Proof random inequal variables equal union of disjunct sets on Q with density argument

Question

I need to proof

$$\{X\neq Y\}=\bigcup_{q\in\mathbb{Q}}\{X>q,Y\leq q\}\cup\{X\leq q,Y>q\}$$

and also show $X=Y\ \ \ \ P-a.s.$

Given is that $X,Y$ are two random variables on the probability space $(\Omega,\mathcal{F},P)$ such that $E[|X|]<\infty$, $E[|Y|]<\infty$, als well as $E[X|\sigma(Y)]=Y$ and $E[Y|\sigma(X)]=X$

Now, my approach would be to proof both sides (like '$\subseteq$' first and then '$\supseteq$') and in the hints there is stated to use a density argument i.e. $\mathbb{Q}$ is dense in $\mathbb{R}$.

However I have no idea how to start and make the proof...can someone please help?

Answer 1

Update: Sorry, made a mistake, but try to look at the complement of $\{X\neq Y\}$, and I think you should be fine ;)

Update2: To refine my hint: \begin{align} &\left(\bigcup_{q\in\mathbb{Q}}\{X>q,Y\leq q\} \cup \{X\leq q,Y> q\}\right)^c\\ &= \bigcap_{q\in\mathbb{Q}}\{X>q,Y\leq q\}^c \cap \{X\leq q,Y> q\}^c\\ &= \bigcap_{q\in\mathbb{Q}}(\{X\leq q\}\cup\{Y>q\}) \cap (\{X> q\}\cup\{Y\leq q\})\\ &= \bigcap_{q\in\mathbb{Q}}(\{X\leq q\}\cup\{Y>q\}) \cap (\{X> q\}\cup\{Y\leq q\})\\ &= \bigcap_{q\in\mathbb{Q}}(\{q<X\leq q\}\cup \{q<Y\leq q\}\cup \{X,Y>q\}\cup \{X,Y\leq q\}) \end{align} Now it sould be easy to conclude the equality to $\{X=Y\}=\{X\neq Y\}^c$.

Update3: Since $\{q<X\leq q\} = \{q<Y\leq q\} = \emptyset$, we have $$\left(\bigcup_{q\in\mathbb{Q}}\{X>q,Y\leq q\} \cup \{X\leq q,Y> q\}\right)^c = \bigcap_{q\in\mathbb{Q}}(\{X,Y>q\}\cup \{X,Y\leq q\}).$$ Now you can observe that the right side consists of all Points $p$, such that for all $q\in\mathbb{Q}$ holds $X(p),Y(p)>q$ or $X(p),Y(p)\leq q$. Since $\mathbb{Q}$ is dense, it must be $X(p)=Y(p)$. (The converse inclusion is trivial.)

Answer 2

The equality of two sets is clear.

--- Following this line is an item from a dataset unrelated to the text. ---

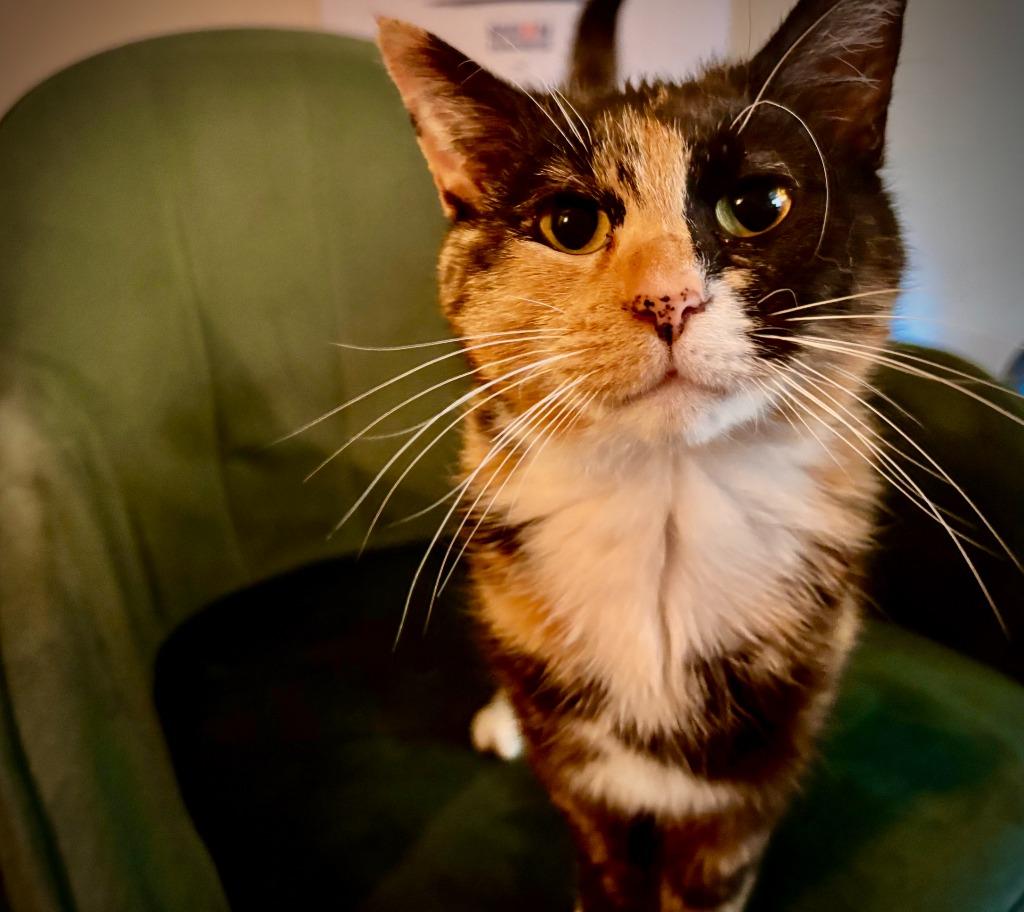 Kiwi (Felv+) / Tux (FELV+), a Adoptable mixed breed in Minneapolis, MN image 3/4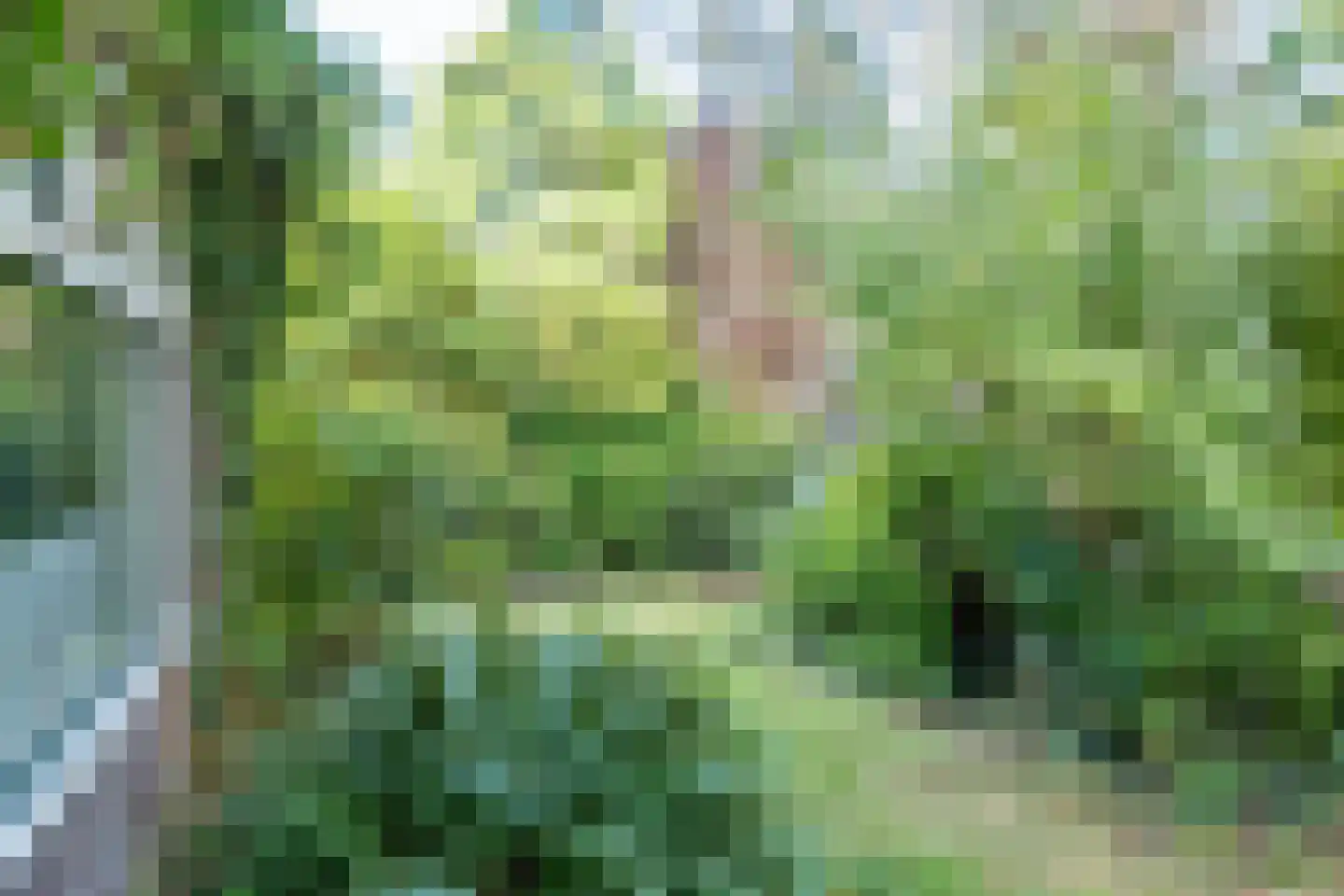 Dr. Julius Röntgenlaan 16 Bilthoven thumbnail 40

To show $X=Y$ a.s. with conditions you mentioned, first we assume that $X, Y\in L^2$. Then, the conditions follow that $E(XY|Y)=Y^2, E(XY|X)=X^2$, this implies $EX^2=EXY=EY^2$. Hence, $$E(X-Y)^2 = EX^2-2EXY + EY^2 = 0,$$ and $X=Y$ a.s. Next we consider $X, Y \in L^1$. Denote $X_n=X\wedge n = \min\{X, n\}, Y_n=Y\wedge n=\min\{Y, n\}$. Using the fact that if $U\leqslant V$ a.s. and $EU =EV$, then $U=V$ a.s., we get $E(X_n|Y)= Y_n, E(Y_n|X)= X_n$ for all $n$. Next, denote $X_n'=X_n\vee (-n) = \max \{X_n, -n\}$ and $Y_n'=Y_n\vee (-n) = \max \{Y_n, -n\}$, by the same arguments, $E(X_n'|Y)=Y'_n, E(Y_n'|X)=X'_n$ for all $n$. Observer that $X'_n, Y'_n \in L^2$ for each $n$, and they satisfy the first case, we get $X'_n= Y'_n$ a.s. for all $n$. Hence, $X=Y$ a.s.